**Activity**
Among the entries below, how many lines include the word "Dans"? Reply with only the number.

**Materials provided**
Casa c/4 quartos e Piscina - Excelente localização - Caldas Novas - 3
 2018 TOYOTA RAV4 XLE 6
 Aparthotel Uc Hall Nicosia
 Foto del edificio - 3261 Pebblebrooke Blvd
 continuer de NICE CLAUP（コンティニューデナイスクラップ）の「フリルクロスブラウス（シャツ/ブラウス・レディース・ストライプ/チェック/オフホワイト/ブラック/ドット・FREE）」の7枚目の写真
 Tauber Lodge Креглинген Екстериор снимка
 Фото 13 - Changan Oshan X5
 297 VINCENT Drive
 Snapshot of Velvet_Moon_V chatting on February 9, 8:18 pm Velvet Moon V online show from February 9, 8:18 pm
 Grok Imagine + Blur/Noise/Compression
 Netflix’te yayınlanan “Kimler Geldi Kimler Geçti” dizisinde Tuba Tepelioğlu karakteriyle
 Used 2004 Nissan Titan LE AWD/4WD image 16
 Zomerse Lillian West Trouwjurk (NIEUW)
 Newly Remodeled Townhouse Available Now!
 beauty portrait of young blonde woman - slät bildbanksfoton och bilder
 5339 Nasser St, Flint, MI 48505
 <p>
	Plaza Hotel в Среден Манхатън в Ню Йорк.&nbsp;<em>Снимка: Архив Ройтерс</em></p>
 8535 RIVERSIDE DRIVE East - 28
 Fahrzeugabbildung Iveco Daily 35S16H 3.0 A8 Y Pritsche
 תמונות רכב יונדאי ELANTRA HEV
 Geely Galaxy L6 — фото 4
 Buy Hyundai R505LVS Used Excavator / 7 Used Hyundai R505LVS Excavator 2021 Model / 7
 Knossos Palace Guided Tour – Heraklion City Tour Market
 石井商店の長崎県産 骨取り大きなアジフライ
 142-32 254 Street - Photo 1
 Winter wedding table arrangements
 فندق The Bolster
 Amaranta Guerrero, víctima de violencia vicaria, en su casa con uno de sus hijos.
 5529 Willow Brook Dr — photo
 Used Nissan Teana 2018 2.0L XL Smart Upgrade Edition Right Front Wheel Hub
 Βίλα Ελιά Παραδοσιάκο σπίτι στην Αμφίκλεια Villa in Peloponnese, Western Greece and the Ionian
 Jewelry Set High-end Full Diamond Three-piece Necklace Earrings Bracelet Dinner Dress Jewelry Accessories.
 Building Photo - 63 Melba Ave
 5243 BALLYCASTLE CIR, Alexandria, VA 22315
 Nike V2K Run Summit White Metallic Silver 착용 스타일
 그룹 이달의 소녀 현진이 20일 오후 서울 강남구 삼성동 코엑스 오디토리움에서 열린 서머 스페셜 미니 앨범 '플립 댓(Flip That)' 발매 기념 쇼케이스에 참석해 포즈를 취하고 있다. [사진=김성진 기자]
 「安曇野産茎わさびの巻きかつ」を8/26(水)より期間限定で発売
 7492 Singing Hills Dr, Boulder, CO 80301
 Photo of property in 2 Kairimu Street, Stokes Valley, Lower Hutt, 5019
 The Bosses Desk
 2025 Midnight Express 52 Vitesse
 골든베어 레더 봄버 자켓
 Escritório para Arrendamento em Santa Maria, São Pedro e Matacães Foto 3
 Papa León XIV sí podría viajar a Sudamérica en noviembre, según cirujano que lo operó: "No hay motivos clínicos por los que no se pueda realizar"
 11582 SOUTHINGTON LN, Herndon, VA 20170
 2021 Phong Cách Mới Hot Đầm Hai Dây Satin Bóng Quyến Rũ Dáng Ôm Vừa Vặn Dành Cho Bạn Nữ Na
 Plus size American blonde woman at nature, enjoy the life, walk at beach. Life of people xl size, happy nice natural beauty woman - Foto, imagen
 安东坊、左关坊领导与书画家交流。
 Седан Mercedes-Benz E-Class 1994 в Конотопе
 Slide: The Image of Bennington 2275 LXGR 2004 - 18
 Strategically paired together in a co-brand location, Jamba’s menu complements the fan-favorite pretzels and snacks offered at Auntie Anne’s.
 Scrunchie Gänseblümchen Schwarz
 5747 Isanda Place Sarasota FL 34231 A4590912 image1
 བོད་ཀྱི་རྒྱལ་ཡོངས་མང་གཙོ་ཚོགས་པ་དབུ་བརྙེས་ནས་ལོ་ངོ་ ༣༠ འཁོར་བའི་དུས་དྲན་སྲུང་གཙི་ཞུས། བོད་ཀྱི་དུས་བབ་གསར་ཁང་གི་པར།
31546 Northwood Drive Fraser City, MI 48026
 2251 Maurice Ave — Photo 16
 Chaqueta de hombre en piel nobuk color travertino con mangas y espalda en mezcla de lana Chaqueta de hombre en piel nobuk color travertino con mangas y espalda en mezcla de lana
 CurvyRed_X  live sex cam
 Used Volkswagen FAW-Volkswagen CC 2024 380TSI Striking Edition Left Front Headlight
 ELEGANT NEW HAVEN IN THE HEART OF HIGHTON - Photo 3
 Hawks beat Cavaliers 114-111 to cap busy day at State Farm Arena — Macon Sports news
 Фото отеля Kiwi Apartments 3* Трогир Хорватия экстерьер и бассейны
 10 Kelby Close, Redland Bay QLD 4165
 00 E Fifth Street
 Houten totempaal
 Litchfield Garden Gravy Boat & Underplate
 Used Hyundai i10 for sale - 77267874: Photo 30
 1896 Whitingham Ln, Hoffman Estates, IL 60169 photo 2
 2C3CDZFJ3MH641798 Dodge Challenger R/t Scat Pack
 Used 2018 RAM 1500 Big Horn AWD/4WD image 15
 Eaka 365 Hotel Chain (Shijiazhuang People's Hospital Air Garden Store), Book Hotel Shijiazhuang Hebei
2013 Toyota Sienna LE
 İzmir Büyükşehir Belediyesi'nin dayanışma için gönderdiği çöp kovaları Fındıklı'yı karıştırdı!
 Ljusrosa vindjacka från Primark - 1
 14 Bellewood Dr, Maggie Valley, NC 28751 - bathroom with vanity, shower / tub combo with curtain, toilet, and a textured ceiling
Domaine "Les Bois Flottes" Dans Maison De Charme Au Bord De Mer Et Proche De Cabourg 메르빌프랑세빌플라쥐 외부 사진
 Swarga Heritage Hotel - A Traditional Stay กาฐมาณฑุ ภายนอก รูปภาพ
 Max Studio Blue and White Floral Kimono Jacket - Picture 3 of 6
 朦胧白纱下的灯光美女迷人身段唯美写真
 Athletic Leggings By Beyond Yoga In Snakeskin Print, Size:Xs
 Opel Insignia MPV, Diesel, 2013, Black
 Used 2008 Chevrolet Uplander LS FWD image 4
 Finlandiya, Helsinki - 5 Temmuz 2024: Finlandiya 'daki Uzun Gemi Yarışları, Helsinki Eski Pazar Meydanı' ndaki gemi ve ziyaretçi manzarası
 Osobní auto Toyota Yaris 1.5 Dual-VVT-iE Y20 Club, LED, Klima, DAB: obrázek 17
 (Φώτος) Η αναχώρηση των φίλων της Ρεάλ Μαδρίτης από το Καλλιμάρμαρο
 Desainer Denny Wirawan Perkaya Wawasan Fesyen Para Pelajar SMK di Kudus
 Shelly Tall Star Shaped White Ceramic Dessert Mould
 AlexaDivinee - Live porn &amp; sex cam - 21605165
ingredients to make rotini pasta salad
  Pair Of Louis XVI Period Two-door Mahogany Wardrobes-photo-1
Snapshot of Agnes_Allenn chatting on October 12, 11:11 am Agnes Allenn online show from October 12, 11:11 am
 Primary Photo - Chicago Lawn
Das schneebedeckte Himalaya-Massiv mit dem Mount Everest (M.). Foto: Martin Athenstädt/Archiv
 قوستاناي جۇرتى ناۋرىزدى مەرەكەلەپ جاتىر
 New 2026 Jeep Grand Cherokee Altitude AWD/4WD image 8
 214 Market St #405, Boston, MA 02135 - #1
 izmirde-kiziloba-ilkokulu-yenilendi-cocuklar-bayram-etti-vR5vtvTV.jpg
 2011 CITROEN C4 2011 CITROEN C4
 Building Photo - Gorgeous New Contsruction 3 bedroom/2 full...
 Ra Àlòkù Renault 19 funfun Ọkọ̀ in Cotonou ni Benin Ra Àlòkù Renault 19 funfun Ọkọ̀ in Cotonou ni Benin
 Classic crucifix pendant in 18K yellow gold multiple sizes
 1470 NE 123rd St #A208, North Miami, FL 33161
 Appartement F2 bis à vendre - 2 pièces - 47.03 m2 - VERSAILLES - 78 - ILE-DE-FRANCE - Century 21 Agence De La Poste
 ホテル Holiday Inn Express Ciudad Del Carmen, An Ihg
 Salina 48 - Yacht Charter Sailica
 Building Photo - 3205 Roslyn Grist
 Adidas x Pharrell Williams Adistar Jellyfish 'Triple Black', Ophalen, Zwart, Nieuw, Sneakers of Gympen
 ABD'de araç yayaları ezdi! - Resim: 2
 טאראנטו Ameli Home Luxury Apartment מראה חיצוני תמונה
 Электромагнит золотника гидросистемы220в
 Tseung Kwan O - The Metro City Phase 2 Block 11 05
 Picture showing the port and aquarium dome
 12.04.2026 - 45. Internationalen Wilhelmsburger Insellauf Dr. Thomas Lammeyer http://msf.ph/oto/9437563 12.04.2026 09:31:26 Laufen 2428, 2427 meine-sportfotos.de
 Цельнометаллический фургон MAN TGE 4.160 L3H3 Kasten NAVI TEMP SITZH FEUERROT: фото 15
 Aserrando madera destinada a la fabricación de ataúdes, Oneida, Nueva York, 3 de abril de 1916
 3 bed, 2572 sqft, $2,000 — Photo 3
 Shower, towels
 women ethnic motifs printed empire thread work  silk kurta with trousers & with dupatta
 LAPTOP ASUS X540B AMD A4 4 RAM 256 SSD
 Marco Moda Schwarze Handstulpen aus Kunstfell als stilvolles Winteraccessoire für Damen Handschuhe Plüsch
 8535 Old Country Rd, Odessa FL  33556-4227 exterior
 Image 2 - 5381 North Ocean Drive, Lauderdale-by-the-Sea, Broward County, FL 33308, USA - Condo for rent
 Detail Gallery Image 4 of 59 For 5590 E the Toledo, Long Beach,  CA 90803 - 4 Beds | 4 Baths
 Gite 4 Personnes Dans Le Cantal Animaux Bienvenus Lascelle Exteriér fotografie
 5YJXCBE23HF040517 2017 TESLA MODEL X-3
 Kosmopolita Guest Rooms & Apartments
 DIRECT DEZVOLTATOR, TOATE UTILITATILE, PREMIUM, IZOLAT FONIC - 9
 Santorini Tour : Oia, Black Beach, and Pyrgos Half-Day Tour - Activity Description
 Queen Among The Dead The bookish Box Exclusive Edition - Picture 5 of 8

**Final answer**
2